If you gave them payment info
Credit card: call the number on the back of the card. Tell them you've been scammed. They can dispute the charge. Most credit cards have strong fraud protection. Easiest to recover.
Bank account (ACH transfer or check): call your bank immediately. Recovery is harder than credit card but sometimes possible if you act within 24 hours.
Wire transfer: very difficult to recover. Call your bank immediately and the receiving bank if you know it. After the money clears (1-3 business days), recovery is nearly impossible.
Gift cards: almost impossible to recover, but try anyway. Call the gift card company (Apple, Google Play, Target, Walmart) immediately with the card numbers. Sometimes they can freeze before redemption.

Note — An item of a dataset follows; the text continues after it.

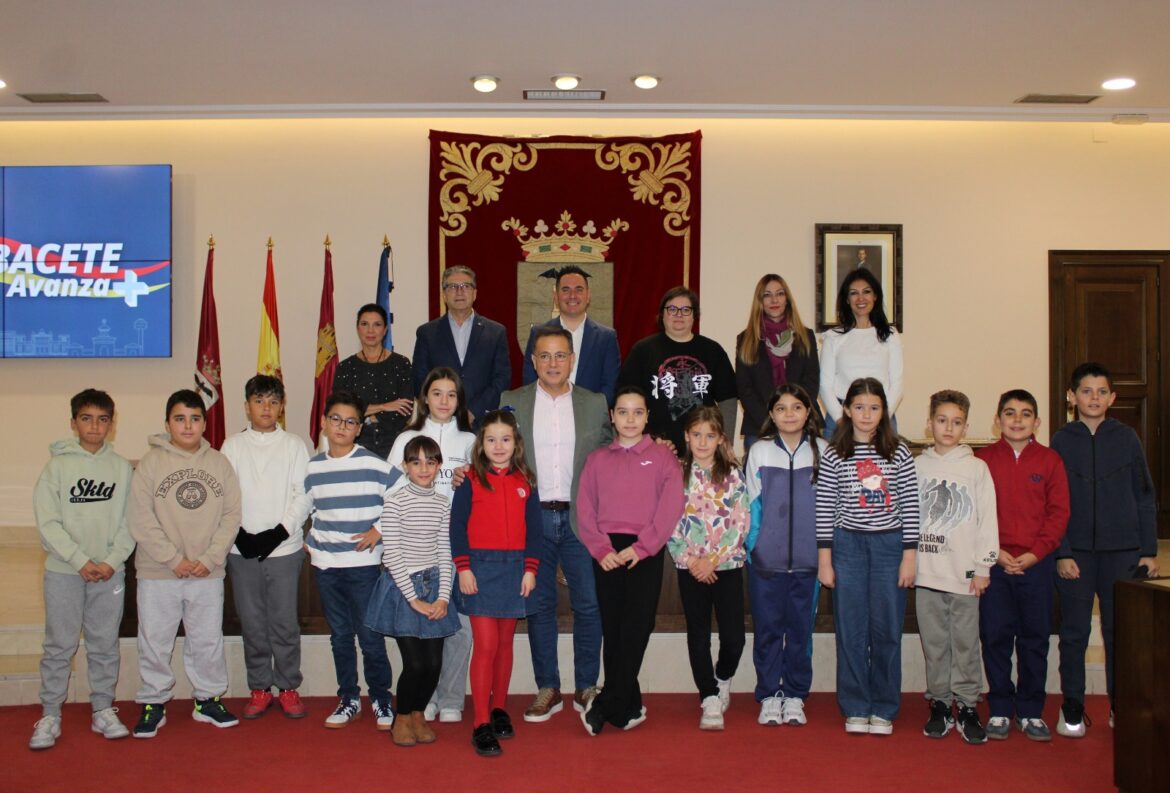 Consejo Municipal de la Infancia.

El Ayuntamiento de Albacete ha constituido el...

Cryptocurrency: usually impossible to recover. Transactions are irreversible.
Zelle, Venmo, Cash App, PayPal Friends & Family: These have weaker fraud protection than credit cards. Contact the platform and your bank, but recovery is uncertain.
Lock down your accounts
From a different device than the one the scammer touched:
- Change your email password first (email controls password resets for everything else)
- Change bank and credit card passwords
- Change any password you typed during the scam
- Enable two-factor authentication on every important account
- Check "Devices signed in" on Google, Apple, and Microsoft accounts. Sign out unfamiliar devices.

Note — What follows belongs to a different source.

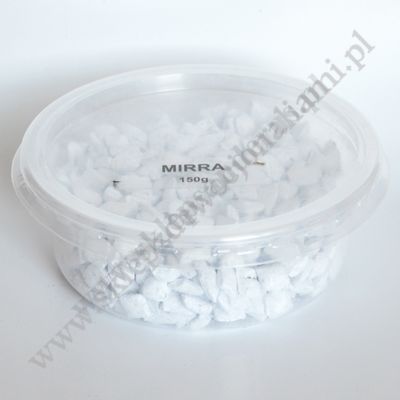KADZIDŁO LITURGICZNE - MIRRA - 150g - 93911
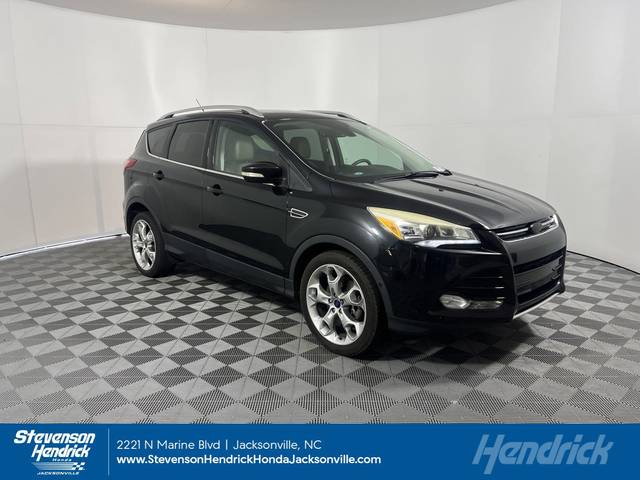 2015 Ford Escape Titanium FWD photo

- Review recent activity on email and bank for things you didn't do
File reports (even if recovery seems unlikely)
- Local police: non-emergency line. They probably can't solve it, but a report number helps with bank disputes and insurance.
- FTC: reportfraud.ftc.gov
- FBI's IC3 (Internet Crime Complaint Center): ic3.gov
- State Attorney General
- If your identity was stolen: identitytheft.gov has a full recovery plan
Protect against identity theft
If the scammer got personal info (Social Security number, driver's license, address), freeze your credit at all three bureaus. It's free and stops anyone from opening new credit in your name.

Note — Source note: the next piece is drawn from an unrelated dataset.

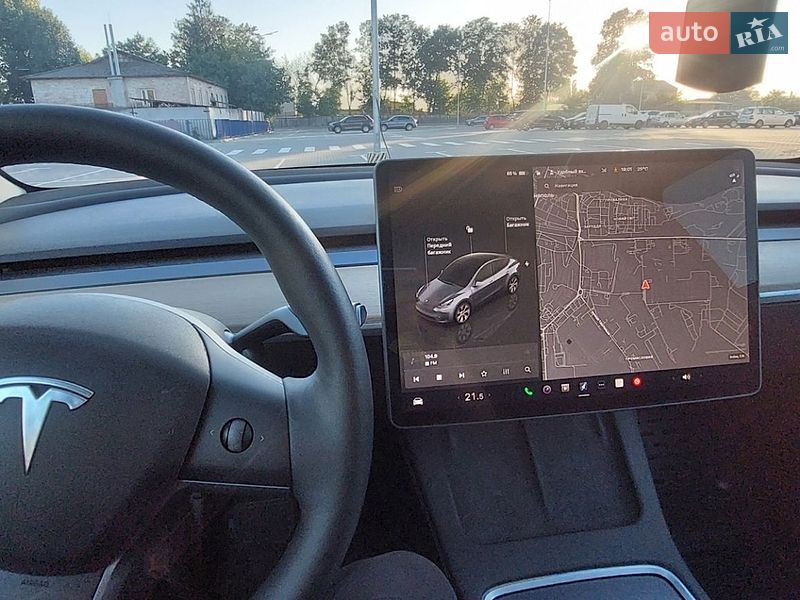 Позашляховик / Кросовер Tesla Model Y 2023 в Тернополі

You can unfreeze later if you need to open new credit. Freezing is the most effective single thing you can do.
If you can't sleep
I get it. Sleep matters. So does action.
Do the urgent stuff tonight: stop talking to scammer, disconnect compromised device, call your bank, change email password. The rest can wait until tomorrow.
The emotional part
You may feel embarrassed. Don't. Scammers manipulate people for a living. Lawyers, doctors, professors, and even cybersecurity experts have fallen for these. The emotional aftermath is real but temporary.
Tell at least one trusted person (family member, friend). Don't keep it secret. Scammers count on shame keeping you quiet so you don't seek help and so they can target you again.
How to avoid the next one
- Never give remote access to anyone you didn't initiate contact with
- Never pay anyone with gift cards. None. Ever.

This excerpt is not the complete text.